Kiftsgate Court: The Garden Where England’s Largest Rose Grows

Kiftsgate Court: The Garden Where England’s Largest Rose Grows

If there ever appears a museum of 20th-century gardening, Kiftsgate Court will become one of its finest “exhibits.” This garden embodies the fate of three of its creators, three generations of an English family.

In the secluded White Garden, the rose ‘Heather Muir’ blooms every year, in memory of the woman who established Kiftsgate Court. Her daughter, Daphne Binnie, and granddaughter, Anne Chambers, continued the work of their mother and grandmother.

– Mr. Chambers, Kiftsgate Court is a great example of how even on a site with significant elevation changes, a beautiful garden can be created.

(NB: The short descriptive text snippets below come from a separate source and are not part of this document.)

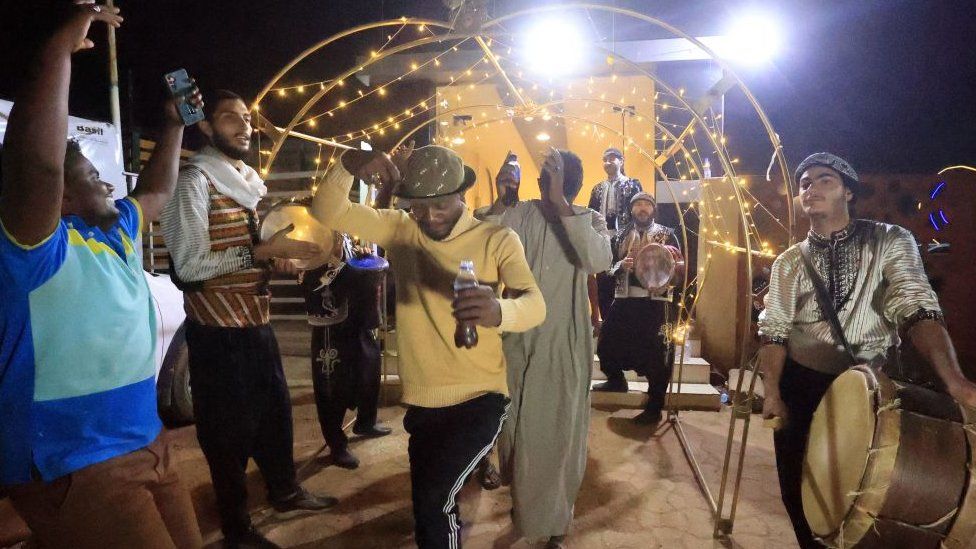 Musicians perform as people gather for iftar, fast-breaking meal, during the Muslim holy fasting month of Ramadan in a park in Khartoum, Sudan - 8 April 2023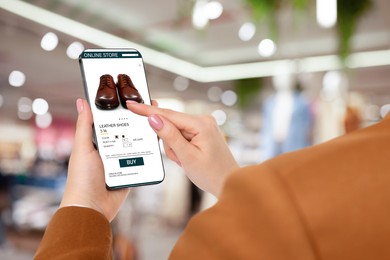 Image of Woman visiting shop to take ordered shoes indoors, closeup. Online store website on device screen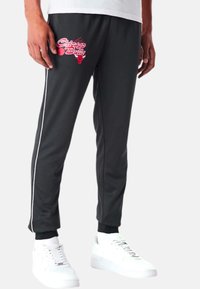 Schwarze Jogginghosen mit einem Chicago Bulls Grafik, weißen Seitenstreifen, gerippten Knöchelbündchen und glatter Textur. Kombiniert mit weißen Sneakers.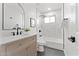 Stylish bathroom featuring a modern vanity, tub with shower, and sleek black fixtures at 6134 E Hannibal St, Mesa, AZ 85205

– Indeed, the layout of our garden had to take into account the geographical features of this area as we are situated on the border of a sharp relief change in the Cotswolds. We couldn’t create long, extensive vistas like many other gardens because the steep slope would quickly undermine all our efforts. However, every disadvantage holds an advantage. Our garden is divided into two levels.

– Your garden encompasses both traditional English flower borders and modern design solutions. Its age is not easily discernible…

– The house itself was built around 1880. The garden, however, was established approximately 40 years later by my wife’s grandmother, Heather Muir, a year after she and her husband purchased Kiftsgate Court. The upper part of the garden was developed at that time. Johnny Johnson, the creator of the famous Hidcote Manor nearby, helped Heather with valuable advice and support.

In the 1930s, the slopes were strengthened and terraced. The lower garden and the semi-circular swimming pool at the bottom were created in the late 1950s to early 1960s when the garden came under the management of my wife’s mother, Daphne Binnie. She continued to care for it, filling the lower terraces with plantings and redesigning the White Garden at the top.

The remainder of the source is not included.